To build a foundation for the proposed method, a background study was conducted on optimization theory in general and on simulation-based optimization with a primary focus on energy systems. Additionally, the functionality of the simulation software used in this thesis, The Illuminator, was explored.
Based on this foundation, a new optimization framework was developed by extending The Illuminator software and through the integration of three algorithms: Particle Swarm Optimization (PSO), Genetic Algorithm (GA), and a gradient-based algorithm (L-BFGS-B). Parallelization was implemented to increase the efficiency of the algorithms. To expand the modeling capability of The Illuminator, several new hydrogen-related component models were developed. The framework was tested across multiple domains by using three distinct scenarios: (1) a hydrogen production facility (hydrogen domain, continuous variables, system design domain), (2) a residential energy hub (electric domain, continuous variables, system operation domain), and (3) an electric vehicle charging station (electric domain, discrete variables, system planning domain).

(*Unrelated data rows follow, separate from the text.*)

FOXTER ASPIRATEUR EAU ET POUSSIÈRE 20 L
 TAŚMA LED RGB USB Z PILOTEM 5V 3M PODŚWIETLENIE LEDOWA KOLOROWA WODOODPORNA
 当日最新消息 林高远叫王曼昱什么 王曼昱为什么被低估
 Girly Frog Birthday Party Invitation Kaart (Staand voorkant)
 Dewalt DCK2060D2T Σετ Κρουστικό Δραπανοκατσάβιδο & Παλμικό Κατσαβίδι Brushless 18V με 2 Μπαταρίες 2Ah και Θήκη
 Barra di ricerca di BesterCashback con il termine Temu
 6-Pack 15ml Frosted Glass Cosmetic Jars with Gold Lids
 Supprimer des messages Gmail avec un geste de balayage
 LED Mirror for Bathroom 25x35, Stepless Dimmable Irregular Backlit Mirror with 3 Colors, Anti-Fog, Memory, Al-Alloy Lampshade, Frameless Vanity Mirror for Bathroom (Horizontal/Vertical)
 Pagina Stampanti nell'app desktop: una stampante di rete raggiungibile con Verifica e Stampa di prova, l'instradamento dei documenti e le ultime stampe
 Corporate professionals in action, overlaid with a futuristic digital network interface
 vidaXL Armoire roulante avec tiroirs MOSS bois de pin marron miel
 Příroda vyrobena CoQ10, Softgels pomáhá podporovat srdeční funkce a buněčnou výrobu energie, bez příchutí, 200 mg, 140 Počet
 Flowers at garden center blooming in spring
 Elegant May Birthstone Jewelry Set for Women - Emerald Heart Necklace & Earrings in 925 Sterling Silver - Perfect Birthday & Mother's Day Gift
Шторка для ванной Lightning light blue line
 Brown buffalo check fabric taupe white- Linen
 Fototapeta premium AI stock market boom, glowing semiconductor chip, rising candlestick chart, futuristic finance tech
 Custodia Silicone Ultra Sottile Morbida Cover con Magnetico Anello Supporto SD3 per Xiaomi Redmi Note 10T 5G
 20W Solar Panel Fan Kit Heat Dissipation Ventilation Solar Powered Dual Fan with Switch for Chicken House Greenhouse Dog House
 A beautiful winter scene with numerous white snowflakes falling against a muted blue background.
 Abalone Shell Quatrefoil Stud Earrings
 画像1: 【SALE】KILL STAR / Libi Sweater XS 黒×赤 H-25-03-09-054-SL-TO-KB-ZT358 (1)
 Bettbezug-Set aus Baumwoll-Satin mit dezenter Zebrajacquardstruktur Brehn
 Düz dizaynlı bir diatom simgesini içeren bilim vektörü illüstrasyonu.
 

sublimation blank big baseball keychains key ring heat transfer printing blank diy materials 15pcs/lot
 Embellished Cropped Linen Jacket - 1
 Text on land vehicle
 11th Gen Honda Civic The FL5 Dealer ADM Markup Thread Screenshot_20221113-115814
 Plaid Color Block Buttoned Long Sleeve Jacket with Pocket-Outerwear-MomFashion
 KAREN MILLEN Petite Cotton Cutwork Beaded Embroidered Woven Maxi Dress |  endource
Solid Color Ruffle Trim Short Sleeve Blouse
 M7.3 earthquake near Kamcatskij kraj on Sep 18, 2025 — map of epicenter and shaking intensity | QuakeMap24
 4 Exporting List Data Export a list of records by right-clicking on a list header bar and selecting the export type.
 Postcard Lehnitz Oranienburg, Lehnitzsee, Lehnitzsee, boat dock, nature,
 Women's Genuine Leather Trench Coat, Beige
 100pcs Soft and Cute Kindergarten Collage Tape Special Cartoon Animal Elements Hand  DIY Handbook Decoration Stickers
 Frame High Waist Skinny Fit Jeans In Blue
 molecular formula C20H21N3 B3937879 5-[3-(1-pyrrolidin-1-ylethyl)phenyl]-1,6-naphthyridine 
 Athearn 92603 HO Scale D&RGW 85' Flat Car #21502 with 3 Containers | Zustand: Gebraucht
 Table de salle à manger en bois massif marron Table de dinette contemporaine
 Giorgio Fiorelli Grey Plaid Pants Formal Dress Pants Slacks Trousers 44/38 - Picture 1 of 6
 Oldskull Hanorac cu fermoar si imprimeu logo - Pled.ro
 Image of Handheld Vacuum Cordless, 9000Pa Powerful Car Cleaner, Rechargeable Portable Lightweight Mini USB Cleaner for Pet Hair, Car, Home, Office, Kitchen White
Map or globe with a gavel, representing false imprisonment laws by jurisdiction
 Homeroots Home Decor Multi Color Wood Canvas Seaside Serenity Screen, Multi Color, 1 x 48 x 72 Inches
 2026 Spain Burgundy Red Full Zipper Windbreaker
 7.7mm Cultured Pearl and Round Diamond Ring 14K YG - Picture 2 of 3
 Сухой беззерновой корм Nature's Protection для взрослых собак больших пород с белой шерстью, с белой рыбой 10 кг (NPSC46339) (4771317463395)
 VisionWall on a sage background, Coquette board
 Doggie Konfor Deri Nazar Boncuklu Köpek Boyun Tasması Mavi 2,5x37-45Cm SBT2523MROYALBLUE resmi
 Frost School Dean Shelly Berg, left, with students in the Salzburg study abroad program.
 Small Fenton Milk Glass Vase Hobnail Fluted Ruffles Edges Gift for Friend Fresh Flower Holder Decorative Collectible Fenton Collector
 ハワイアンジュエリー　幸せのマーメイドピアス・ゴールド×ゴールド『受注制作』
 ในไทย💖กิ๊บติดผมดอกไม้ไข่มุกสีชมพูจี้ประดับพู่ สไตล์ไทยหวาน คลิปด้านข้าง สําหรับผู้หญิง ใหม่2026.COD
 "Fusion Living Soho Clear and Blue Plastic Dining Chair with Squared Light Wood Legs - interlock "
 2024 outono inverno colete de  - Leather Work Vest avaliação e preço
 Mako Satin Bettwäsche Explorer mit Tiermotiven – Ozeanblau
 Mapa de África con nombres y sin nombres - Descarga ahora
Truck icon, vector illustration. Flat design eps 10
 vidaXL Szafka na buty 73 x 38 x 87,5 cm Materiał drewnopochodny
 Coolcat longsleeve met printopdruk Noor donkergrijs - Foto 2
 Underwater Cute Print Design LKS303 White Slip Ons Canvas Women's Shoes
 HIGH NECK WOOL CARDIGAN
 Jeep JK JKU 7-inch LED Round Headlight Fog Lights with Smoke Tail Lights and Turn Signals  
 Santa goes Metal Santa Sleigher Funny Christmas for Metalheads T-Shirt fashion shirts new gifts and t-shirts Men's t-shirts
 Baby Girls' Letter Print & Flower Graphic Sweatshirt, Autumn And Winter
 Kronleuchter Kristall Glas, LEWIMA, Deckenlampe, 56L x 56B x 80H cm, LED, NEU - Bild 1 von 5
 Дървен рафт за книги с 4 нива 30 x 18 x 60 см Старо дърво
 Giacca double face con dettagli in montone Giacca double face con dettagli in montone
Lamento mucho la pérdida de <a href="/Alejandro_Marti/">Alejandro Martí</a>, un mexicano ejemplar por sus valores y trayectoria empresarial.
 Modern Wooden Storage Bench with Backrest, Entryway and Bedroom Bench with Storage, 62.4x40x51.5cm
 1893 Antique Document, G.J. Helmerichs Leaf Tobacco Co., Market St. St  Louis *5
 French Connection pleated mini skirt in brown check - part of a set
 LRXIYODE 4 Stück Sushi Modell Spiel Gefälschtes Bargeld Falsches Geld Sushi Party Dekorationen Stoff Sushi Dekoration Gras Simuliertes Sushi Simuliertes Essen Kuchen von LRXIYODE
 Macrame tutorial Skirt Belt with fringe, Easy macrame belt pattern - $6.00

Among the explored algorithms, Particle Swarm Optimization (PSO) proved to be the most suitable across the three presented scenarios, achieving the lowest average gaps to the best-found solutions in each case (0.107%, 0.363%, and 20.145%, respectively). Parallelization of the population-based algorithms improved the total run time by a factor of almost 5.
The results show that simulation-based optimization is a promising approach for supporting the design, operation, and planning of complex renewable energy systems.